**PROBLEM TO WORK ON**
Your task is to restate exactly the lines from the one holding "6. Remove the" to the end of the entries below, inclusive.

--- --- ---

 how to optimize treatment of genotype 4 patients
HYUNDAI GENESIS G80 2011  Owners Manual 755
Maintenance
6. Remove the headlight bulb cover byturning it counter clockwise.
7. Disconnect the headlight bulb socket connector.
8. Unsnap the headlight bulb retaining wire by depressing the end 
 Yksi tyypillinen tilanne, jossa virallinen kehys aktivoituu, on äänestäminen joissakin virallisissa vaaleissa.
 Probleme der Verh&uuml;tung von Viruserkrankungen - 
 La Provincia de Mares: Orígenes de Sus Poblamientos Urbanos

--- --- ---

**EXERCISE SOLUTION**
6. Remove the headlight bulb cover byturning it counter clockwise.
7. Disconnect the headlight bulb socket connector.
8. Unsnap the headlight bulb retaining wire by depressing the end 
 Yksi tyypillinen tilanne, jossa virallinen kehys aktivoituu, on äänestäminen joissakin virallisissa vaaleissa.
 Probleme der Verh&uuml;tung von Viruserkrankungen - 
 La Provincia de Mares: Orígenes de Sus Poblamientos Urbanos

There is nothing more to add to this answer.